Cameo’s Spanish PAL Region 0 dual-layer DVD (and all-region Blu-ray) features an anamorphic widescreen (1.78:1) transfer. Since the film was lensed in high definition, it’s one of the better-looking DVDs of Franco’s video-era productions (some of his other recent films have been lensed in HD but they’re not widely available yet to assess). Skintones are a bit warm, but that may be intentional (either post-production color grading or purposefully fooling the camera’s white balance) and highlights are clipped outside of windows during the interior scenes (even Franco’s 35mm work often exposed for the interiors without adjusting for windows, albeit with prettier-if-roughhewn effects on film). The Spanish Dolby Digital 2.0 stereo track favors the music since the dialogue was recorded on-set and subject to the original recording levels. Optional subtitles are included in English, Spanish, and Italian for the feature only. The English ones contain a few errors but are sufficient to follow the film – as much as any other aspect – and can be witty at times.
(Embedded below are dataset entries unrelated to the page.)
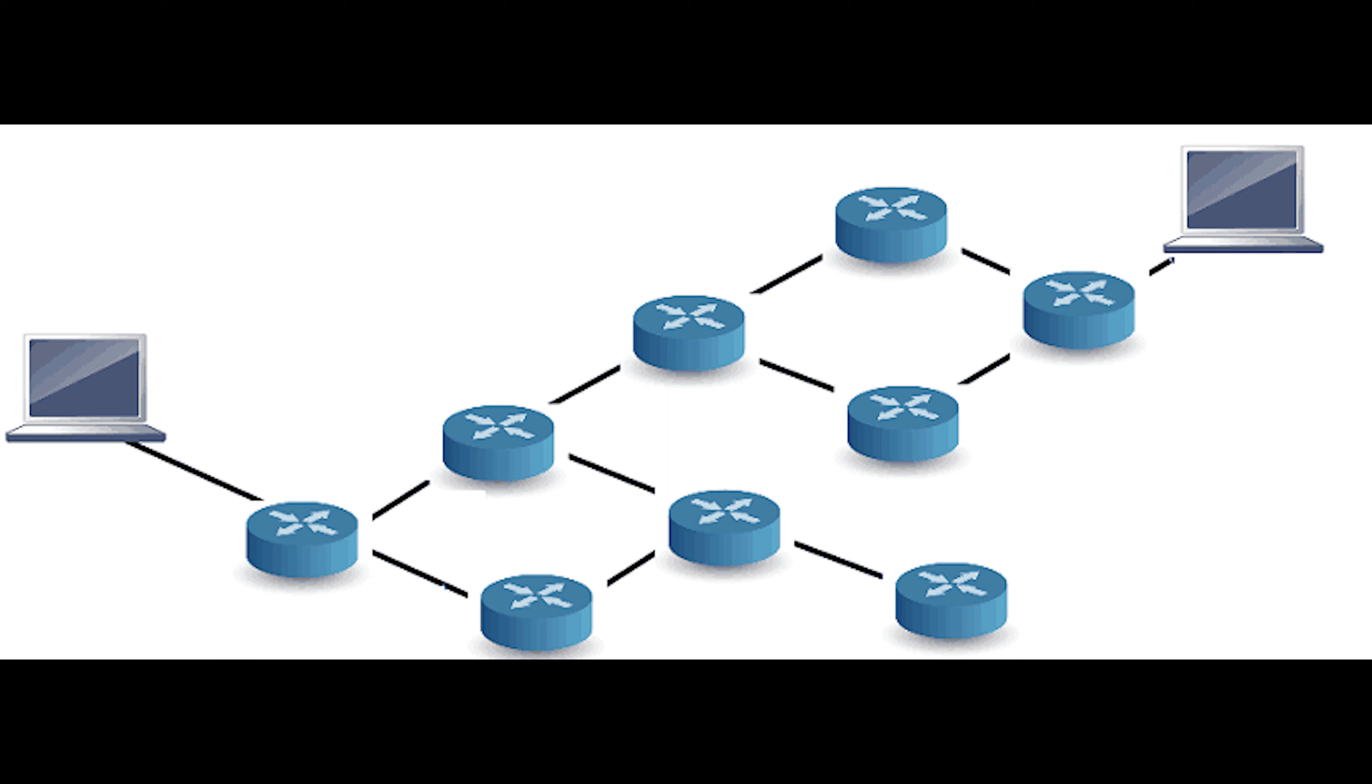Because routers need to find a way to select a better path when there are multiple paths available, administrative distance number is used. Administrative distance, or route preference, is a number or arbitrary unit assigned to dynamic routes, static routes, and directly connected routes. The value is used in routers to rank routes from the most preferred to least preferred.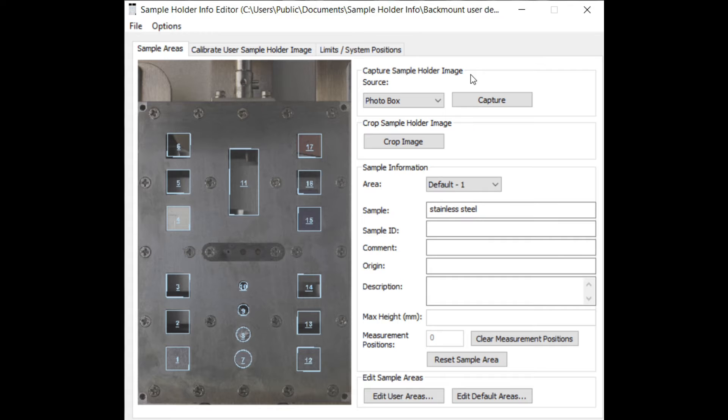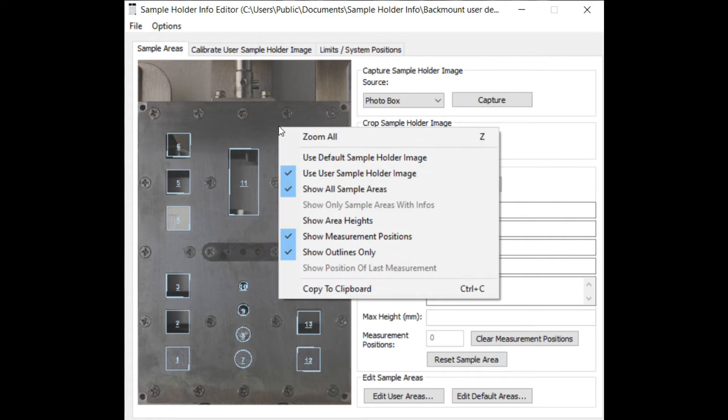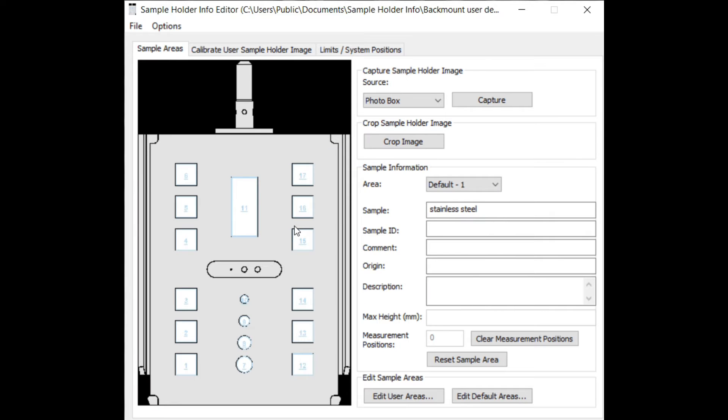If you have a photo box, capture a picture of your sample holder. If you don't have a photo box, you will see the default image in the dialog.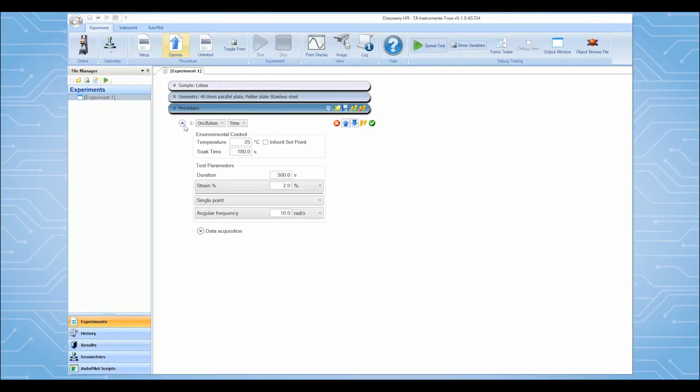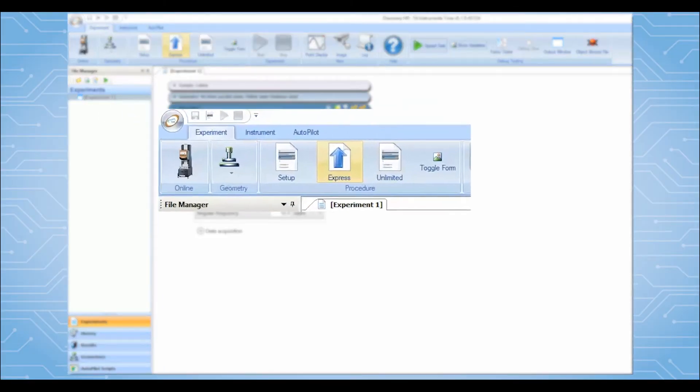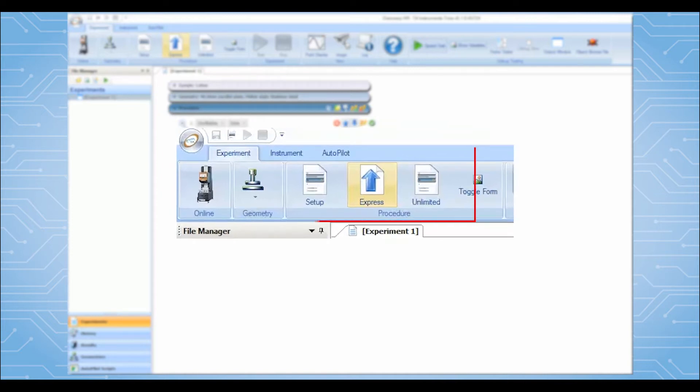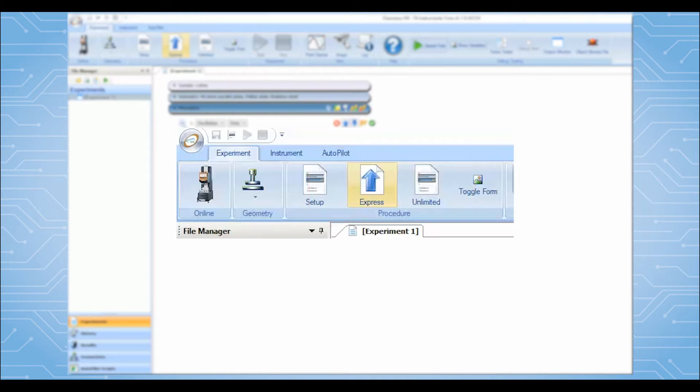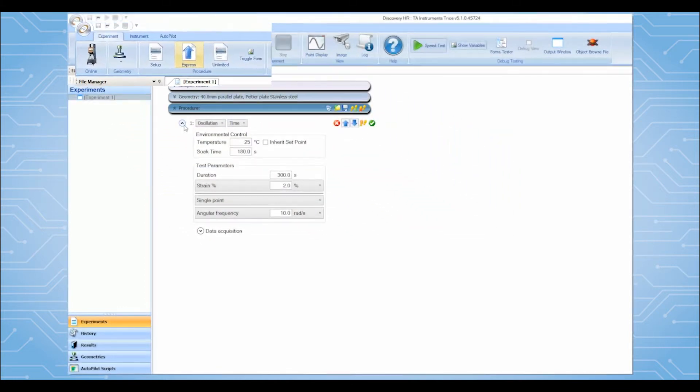TRIO's software contains two unique test setup interfaces: TRIO's Express and TRIO's Unlimited. Users can easily switch between the two interfaces using the icons on the top ribbon.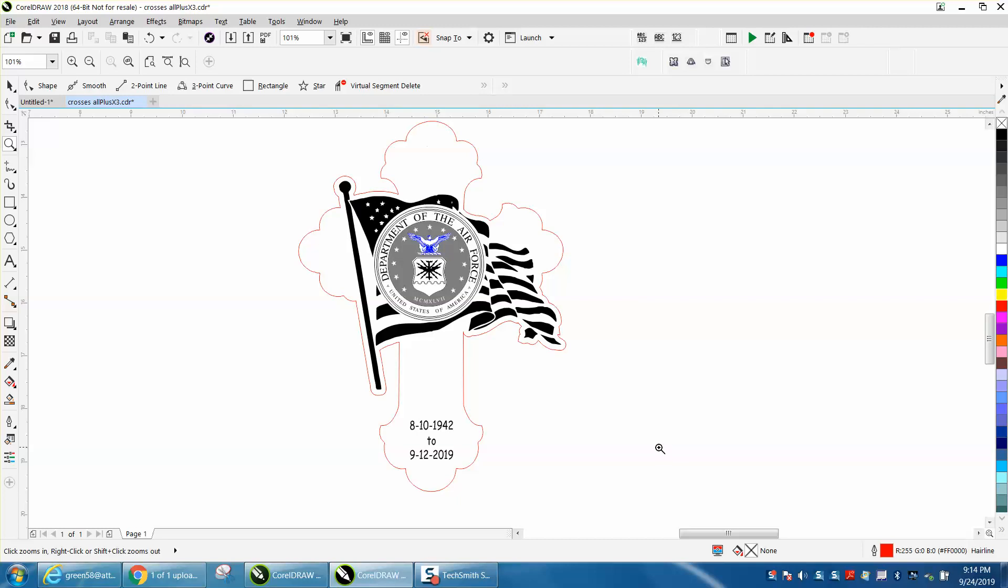Hi, it's me again with CorelDRAW Tips and Tricks. This video is about finding hidden hairlines.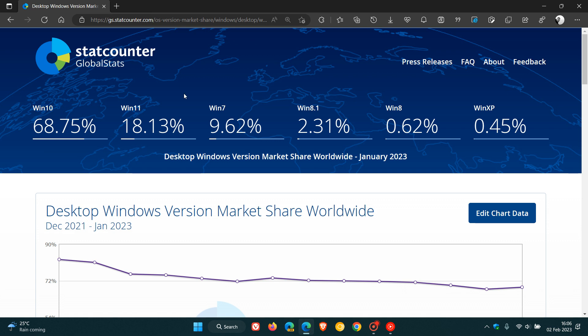Every month, I do post these StatCounter survey results. And then Windows 10 is still dominant and has actually increased as well from 68.01% to 68.75%. And I think the reason for that is because of this.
Most of the extras, however, have no subtitle translation. Under the “Filming” section are four featurettes about the AL PEREIRA SHOOT. It’s a pity that the “Behind the Scenes” (26:42) featurette is not subtitled since it perhaps offers a truer representation of Franco’s production process. Mayans can be seen applying blood to the actresses. When Franco is not able to operate the camera, he is seen auditing the images on either a TV monitor or on a portable field monitor. In "The Anger of Jesús" (2:32), Franco loses he cool while directing, but the actresses take it stride. “Testing the Camera” (1:02) appears to be exactly that with Franco making comments to the operator as he zooms in and out and adjusts focus. Lastly, there is an interview with director Jesús Franco and actor Antonio Mayans (19:07) conducted by Francesco Cesari. The first two thirds are with Mayans and photographed at an outdoor café in which he is asked how it is playing Al Pereira after so many years, and his theories on the more experimental turns in Franco’s work. Then Mayans joins Franco for a shorter interview indoors. Also untranslated is footage from four of the film’s premiere screenings including "Pies de Gato TV" in Barcelona (13:01) coverage of the "Cine Maldà" premiere – where the film was introduced with a performance by “Retarded Rebel Rejects”, as well as another "Cine Maldà" featurette (10:13), the Festival de Málaga premiere (4:03) which was introduced by Mayans, and one titled "The Night of the Alligator Ladies" (14:45) taking place at “Artistic Metropol” in Madrid. They all find the rowdy audiences receptive to Franco’s style of comedy, and the “Artistic Metropol” premiere includes footage from an after party at a bar where images from seventies pornography – and possibly some Franco works – are projected on the walls.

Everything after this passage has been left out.